## WORKING DATA
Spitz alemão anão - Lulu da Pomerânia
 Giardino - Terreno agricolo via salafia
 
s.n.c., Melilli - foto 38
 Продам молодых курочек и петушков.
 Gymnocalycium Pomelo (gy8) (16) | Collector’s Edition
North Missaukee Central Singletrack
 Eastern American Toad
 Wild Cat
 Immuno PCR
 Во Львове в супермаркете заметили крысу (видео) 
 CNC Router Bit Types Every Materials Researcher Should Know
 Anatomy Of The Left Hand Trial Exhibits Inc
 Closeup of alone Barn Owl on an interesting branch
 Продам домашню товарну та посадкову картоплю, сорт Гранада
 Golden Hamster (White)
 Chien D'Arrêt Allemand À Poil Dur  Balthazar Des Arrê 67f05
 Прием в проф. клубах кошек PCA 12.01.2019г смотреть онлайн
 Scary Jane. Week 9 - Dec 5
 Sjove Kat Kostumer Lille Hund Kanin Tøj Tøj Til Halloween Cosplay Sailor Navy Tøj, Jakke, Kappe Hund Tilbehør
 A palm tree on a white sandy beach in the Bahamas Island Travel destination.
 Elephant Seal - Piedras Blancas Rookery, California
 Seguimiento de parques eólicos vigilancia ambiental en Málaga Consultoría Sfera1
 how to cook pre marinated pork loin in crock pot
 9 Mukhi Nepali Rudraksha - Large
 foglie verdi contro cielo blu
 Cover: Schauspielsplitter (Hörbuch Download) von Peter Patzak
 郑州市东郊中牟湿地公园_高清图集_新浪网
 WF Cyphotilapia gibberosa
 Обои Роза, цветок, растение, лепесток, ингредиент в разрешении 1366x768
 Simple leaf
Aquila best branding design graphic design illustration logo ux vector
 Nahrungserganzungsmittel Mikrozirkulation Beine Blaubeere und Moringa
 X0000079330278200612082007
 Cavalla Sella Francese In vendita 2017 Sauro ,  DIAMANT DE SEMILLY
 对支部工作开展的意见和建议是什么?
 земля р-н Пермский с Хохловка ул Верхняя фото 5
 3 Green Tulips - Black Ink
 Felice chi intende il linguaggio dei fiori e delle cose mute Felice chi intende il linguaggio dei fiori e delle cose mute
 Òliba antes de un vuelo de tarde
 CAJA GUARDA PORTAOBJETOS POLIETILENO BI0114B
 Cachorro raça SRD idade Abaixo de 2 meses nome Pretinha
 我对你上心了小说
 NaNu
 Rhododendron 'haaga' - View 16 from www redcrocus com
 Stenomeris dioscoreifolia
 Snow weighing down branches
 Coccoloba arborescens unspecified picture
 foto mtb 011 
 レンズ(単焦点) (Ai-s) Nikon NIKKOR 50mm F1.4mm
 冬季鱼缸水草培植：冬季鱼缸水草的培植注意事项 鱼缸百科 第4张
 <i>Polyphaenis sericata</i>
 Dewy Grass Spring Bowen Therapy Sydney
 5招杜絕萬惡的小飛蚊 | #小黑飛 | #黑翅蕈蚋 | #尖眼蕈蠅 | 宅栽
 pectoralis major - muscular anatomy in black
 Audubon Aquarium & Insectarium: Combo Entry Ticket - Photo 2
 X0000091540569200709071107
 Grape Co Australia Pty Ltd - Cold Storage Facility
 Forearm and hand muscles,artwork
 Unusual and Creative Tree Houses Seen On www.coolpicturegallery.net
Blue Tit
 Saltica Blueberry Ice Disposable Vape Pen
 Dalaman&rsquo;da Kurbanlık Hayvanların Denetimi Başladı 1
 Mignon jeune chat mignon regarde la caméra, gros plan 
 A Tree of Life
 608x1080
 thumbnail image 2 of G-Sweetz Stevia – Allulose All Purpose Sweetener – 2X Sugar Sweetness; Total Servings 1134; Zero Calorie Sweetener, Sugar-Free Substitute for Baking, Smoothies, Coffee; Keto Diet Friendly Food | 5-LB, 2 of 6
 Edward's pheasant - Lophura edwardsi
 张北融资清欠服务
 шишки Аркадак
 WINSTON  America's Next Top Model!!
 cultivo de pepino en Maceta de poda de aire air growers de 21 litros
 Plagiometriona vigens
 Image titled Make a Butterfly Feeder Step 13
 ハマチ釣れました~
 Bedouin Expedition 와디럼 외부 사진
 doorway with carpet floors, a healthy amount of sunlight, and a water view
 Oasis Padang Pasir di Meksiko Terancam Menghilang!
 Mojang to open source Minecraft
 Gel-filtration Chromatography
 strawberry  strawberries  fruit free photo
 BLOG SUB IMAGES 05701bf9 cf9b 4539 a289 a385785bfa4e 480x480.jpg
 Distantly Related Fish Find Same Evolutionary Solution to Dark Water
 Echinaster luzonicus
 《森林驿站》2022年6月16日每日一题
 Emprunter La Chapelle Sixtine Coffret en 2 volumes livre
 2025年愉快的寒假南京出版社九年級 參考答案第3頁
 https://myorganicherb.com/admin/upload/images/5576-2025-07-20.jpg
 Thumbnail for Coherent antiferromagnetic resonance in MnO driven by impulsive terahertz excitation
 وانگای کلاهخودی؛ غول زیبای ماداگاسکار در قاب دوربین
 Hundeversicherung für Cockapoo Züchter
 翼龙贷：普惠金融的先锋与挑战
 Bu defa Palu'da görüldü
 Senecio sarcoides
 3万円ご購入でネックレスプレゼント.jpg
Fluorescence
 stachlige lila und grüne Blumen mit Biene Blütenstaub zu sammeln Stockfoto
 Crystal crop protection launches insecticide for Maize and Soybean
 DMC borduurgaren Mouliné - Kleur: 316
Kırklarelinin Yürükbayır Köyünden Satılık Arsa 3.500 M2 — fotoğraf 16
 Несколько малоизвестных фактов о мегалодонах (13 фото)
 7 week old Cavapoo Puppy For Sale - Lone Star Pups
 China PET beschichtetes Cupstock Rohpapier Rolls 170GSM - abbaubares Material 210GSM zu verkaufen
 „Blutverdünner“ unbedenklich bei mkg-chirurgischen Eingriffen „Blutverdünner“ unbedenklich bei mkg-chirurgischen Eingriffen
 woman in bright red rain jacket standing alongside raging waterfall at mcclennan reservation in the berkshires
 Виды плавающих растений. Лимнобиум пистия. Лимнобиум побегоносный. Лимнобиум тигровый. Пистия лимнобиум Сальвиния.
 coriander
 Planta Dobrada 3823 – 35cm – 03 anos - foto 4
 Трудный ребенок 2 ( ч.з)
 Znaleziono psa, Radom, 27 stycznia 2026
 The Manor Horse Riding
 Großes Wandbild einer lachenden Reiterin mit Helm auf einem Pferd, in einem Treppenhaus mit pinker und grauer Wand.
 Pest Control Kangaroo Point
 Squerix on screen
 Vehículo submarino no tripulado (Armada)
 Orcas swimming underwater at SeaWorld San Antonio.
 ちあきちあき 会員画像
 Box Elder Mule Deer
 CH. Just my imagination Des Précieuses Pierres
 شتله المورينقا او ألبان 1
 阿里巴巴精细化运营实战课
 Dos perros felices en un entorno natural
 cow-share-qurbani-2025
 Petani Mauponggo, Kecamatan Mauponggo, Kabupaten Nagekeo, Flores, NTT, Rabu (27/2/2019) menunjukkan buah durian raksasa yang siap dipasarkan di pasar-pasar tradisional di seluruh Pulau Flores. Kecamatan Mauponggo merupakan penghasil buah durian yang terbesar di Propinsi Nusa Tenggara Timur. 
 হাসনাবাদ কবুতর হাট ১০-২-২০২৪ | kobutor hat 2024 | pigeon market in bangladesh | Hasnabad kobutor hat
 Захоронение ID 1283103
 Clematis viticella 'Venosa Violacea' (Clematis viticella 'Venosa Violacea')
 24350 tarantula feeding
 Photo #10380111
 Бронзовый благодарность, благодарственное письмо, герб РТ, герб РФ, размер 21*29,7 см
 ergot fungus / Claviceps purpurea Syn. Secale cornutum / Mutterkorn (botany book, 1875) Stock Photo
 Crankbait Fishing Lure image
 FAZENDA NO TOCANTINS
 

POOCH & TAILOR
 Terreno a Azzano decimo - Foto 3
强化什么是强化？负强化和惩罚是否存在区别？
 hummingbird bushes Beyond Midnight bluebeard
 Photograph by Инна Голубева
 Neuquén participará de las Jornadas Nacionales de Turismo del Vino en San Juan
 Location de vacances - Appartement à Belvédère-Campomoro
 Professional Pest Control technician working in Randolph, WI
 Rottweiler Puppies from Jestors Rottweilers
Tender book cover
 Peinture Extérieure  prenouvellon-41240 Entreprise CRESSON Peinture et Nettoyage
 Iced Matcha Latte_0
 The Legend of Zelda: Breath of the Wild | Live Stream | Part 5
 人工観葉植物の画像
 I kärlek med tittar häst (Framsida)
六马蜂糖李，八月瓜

## TASK TO CARRY OUT
Lines after the one containing "Anatomy Of The Left Hand Trial Exhibits Inc" are left out; every line from the start of the entries through that line is restated word for word.

## WRITTEN SOLUTION
Spitz alemão anão - Lulu da Pomerânia
 Giardino - Terreno agricolo via salafia
 
s.n.c., Melilli - foto 38
 Продам молодых курочек и петушков.
 Gymnocalycium Pomelo (gy8) (16) | Collector’s Edition
North Missaukee Central Singletrack
 Eastern American Toad
 Wild Cat
 Immuno PCR
 Во Львове в супермаркете заметили крысу (видео) 
 CNC Router Bit Types Every Materials Researcher Should Know
 Anatomy Of The Left Hand Trial Exhibits Inc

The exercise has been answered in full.